··· Listed records ···

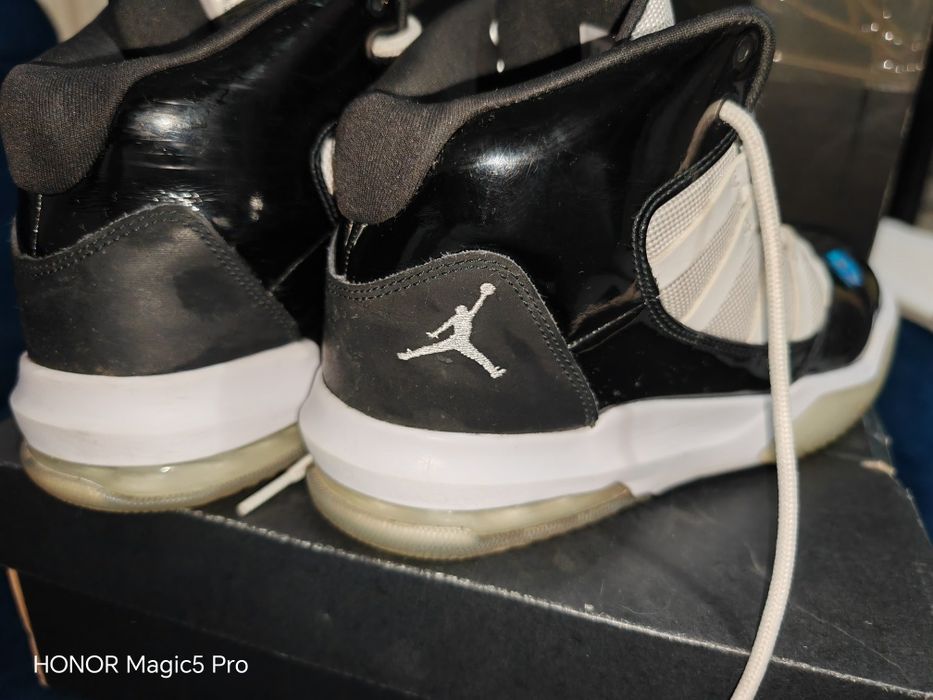 Buty Jordan max aura 38.5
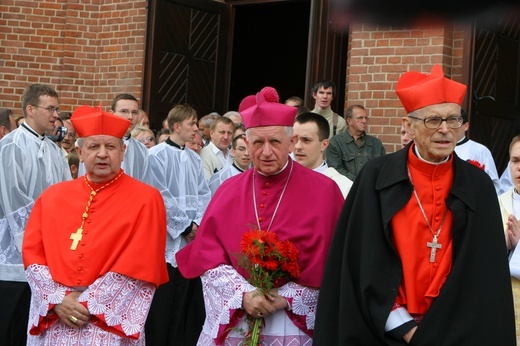 Męskie pielgrzymki do Piekar w minionych latach.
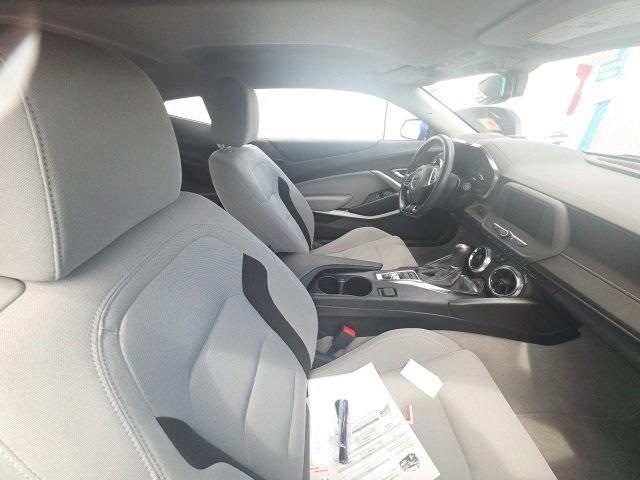 2022 Chevrolet Camaro Vehicle Photo in ENGLEWOOD, CO 80113-6708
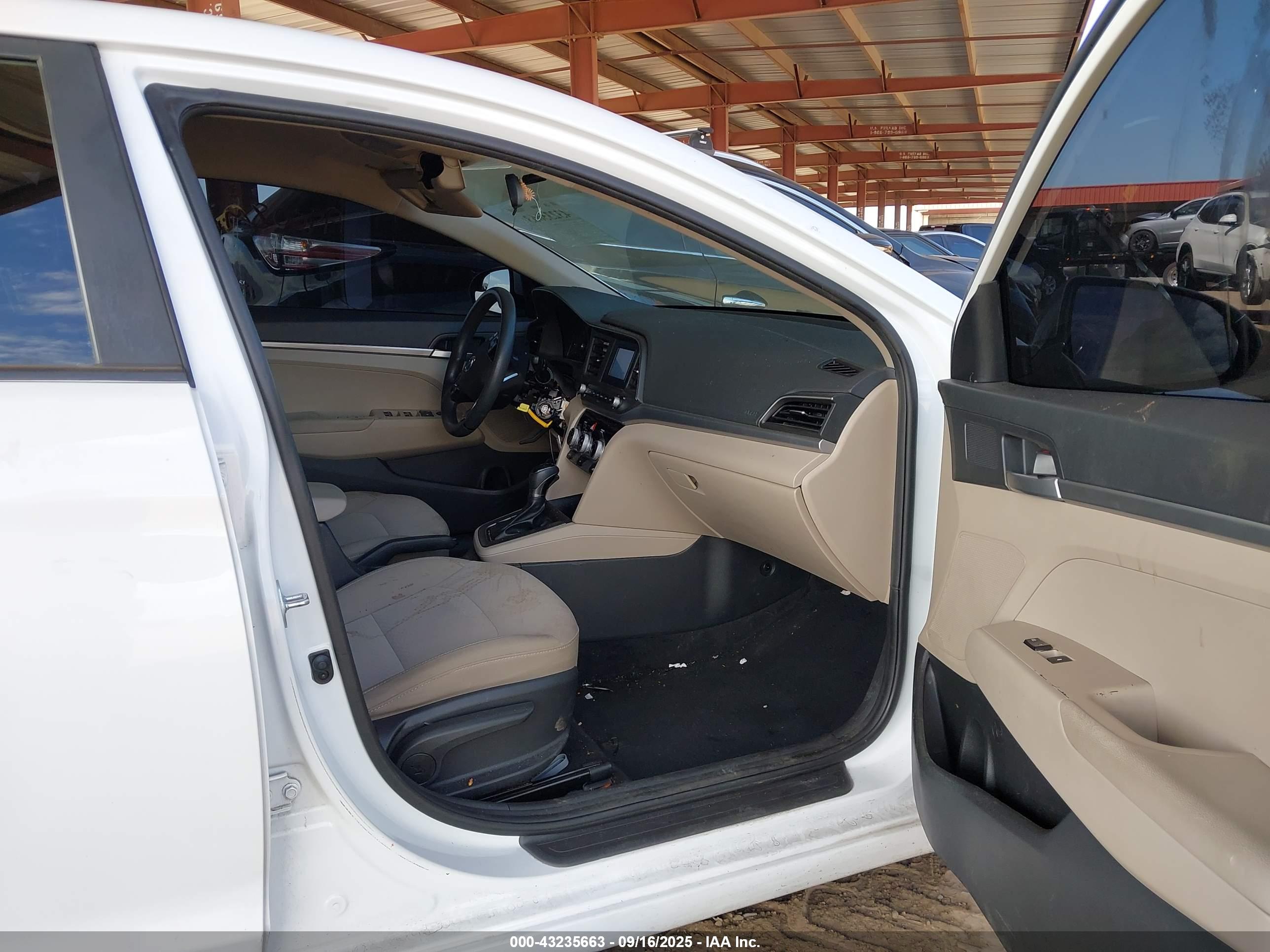 HYUNDAI ELANTRA image 5
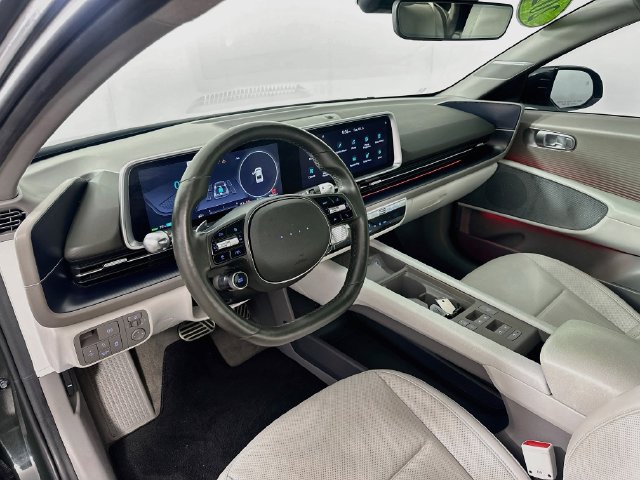 Used 2023 Hyundai Ioniq 6 Limited AWD/4WD image 3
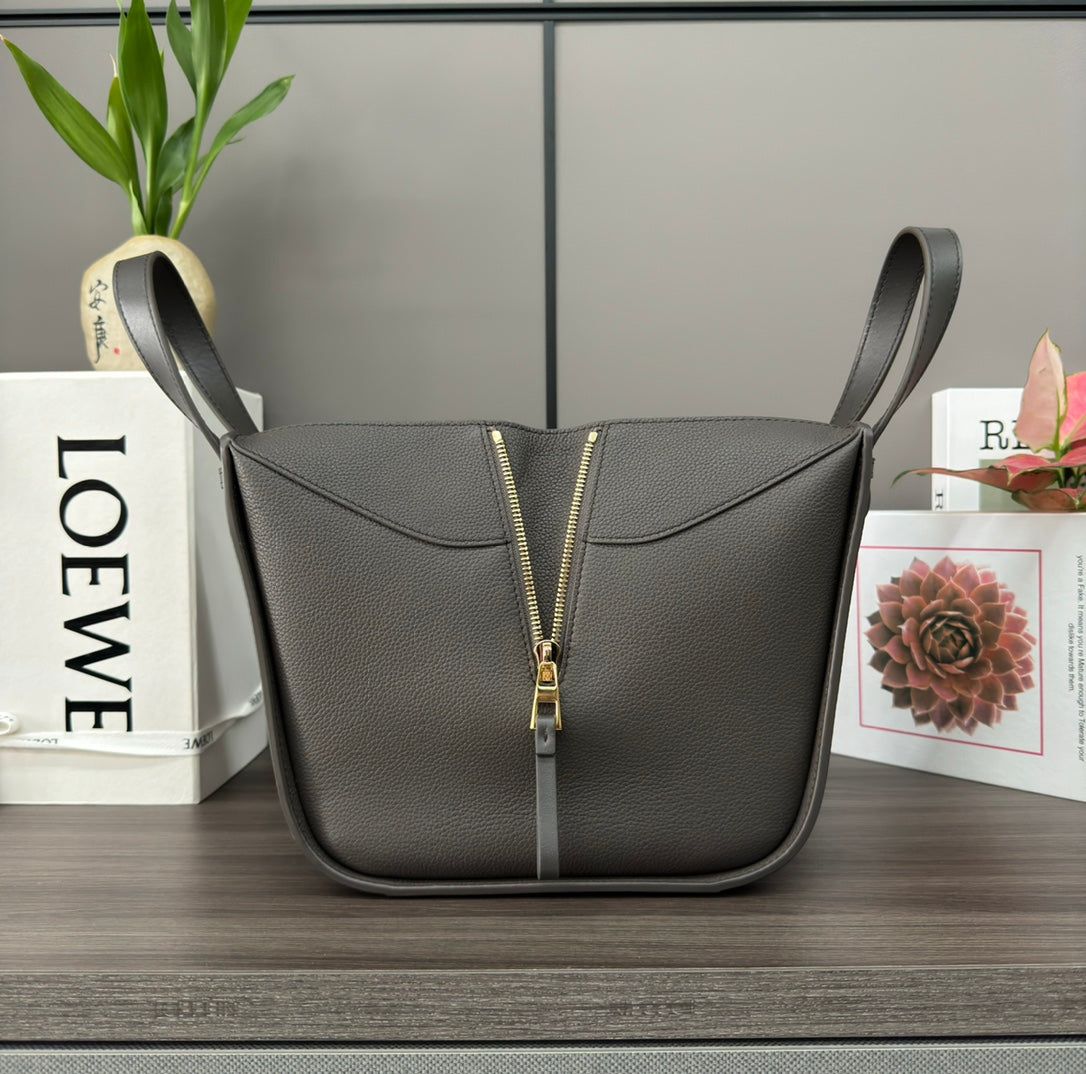 LOE 20 HAMMOCK COMPACT BAG IN UMBER BROWN CALFSKIN - Image 4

···

* Goal of the exercise *
From start to finish, output the listing exactly, but omit its pictures.

* Task solution *
 Buty Jordan max aura 38.5
 Męskie pielgrzymki do Piekar w minionych latach.
 2022 Chevrolet Camaro Vehicle Photo in ENGLEWOOD, CO 80113-6708
 HYUNDAI ELANTRA image 5
 Used 2023 Hyundai Ioniq 6 Limited AWD/4WD image 3
 LOE 20 HAMMOCK COMPACT BAG IN UMBER BROWN CALFSKIN - Image 4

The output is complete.